IS5 - Data warehousing
Advanced level - Second cycle course
90 credits in Computer and Systems Sciences or 90 credits in a DSV bachelor programme with at least 60 credits in Computer and Systems Sciences.
Including at least:
- 7,5 hp database methodology
In this course, student will learn about one of the most important ingredient to a Business Intelligence (BI) and Data Science area, called data warehousing, which is very high demand in the job market. They will learn about techniques to Extract Transform and Load (ETL) the data. They will learn theories about modeling and implementation of data warehouses. In addition, they will get familiar with multi-dimensional data storage, called OnLine Analytical Processing (OLAP). They will also learn about languages that help them to query information from OLAP systems. Data warehouses are used within Business Intelligence (BI) to support organizations strategic decision making by utilizing Decision Support Systems. This course will help students to design and implement data warehouses. They will learn different techniques and principles based on which they can design an effective and efficient data warehouse. In addition, they will experience the full data warehouse life-cycle by implementing a system according to latest advances in this area.
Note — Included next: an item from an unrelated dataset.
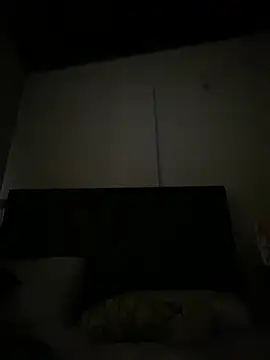 Snapshot of tom_thick chatting on January 21, 10:30 pm tom thick online show from January 21, 10:30 pm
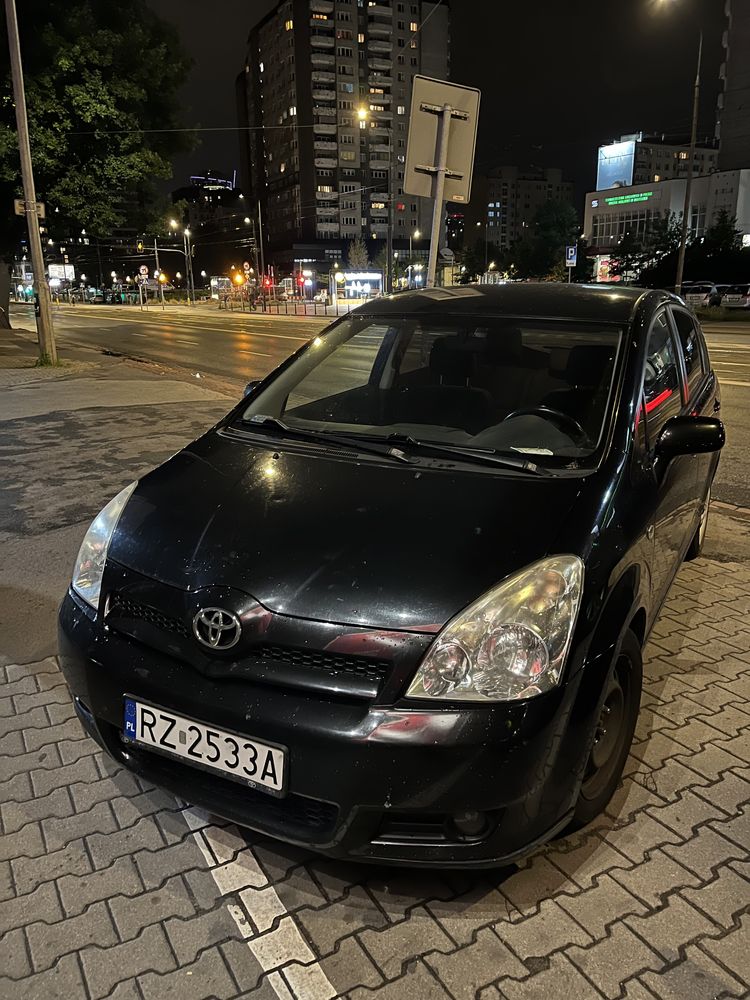 Toyota corolla verso rocznik 2006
The general goal with this course is to familiarize the students with a special kind of information systems called Data Warehouses – their role, utilization and benefits for organisations, as well as architectures and underlying technologies relevant for their development.
After taking this course the student should have achieved the following objectives:
1. knows central terminology in the area.
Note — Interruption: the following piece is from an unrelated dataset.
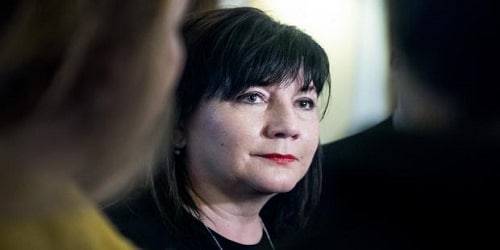 Repubblica Ceca. Schillerová (Min. Finanze): ‘Il numero delle slot si è stato dimezzato. Lo Stato sta portando l’azzardo su Internet’ Repubblica Ceca. Schillerová (Min. Finanze): ‘Il numero delle slot si è stato dimezzato. Lo Stato sta portando l’azzardo su Internet’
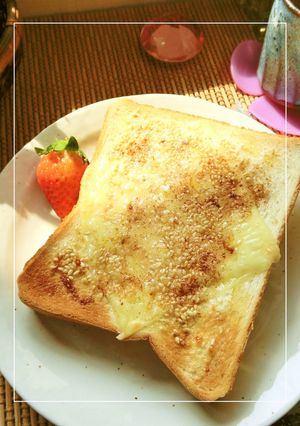 チーズ×練乳×胡麻の甘塩トースト-レシピのメイン写真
2. is able to produce and document dimensional models for a data warehouse based on an informal domain description
3. from a given source, produce routines for data transfer into a data warehouse, and able to write queries to fetch data from a data warehouse using MDX.
4. is able to implement dimensional models in a given system, populate these models with data, and use a front-end systems for extracting and analyzing the data present in a data warehouse. Can use a given ETL system to extract data from different files and load it into relational tables
5. can summarize, present and assess results from research literature in the area
The course contains the following parts:
1. Introduction to decision support systems and Business Intelligence
2. History, state-of-the-art within data warehousing
3. Rationale and patterns for multi-dimensional modeling
4. The ETL process (Extract-Transform-Load) and data integration
5. The Data Warehouse Lifecycle (DW development and maintenance process)
6. OLAP (Online Analytical Processing) and a multi-dimensional query language for data cubes
7. Trends within data warehousing and current research
The course contains a number of lectures, lessons, labs and tutorials. Course schedule with the different activities is provided in Daisy. Students have to do self studies (i.e. read the course literature) and carry out a number of practical assignments. The assignments are completed in groups. The lectures and lessons introduce the students to the theory needed for the completion of the assignments. Tutorials are offered to students working with the assignments. The assignments are reported and discussed during seminars or meetings. The ETL and OLAP part of assignments are based on SQL Server Integration Services (SSIS) and SQL Server Analysis Services (SSAS), which are very high demand and widely used in industry.
Note that this is not a distance course; hence students are strongly recommended to participate in the activities offered during the course.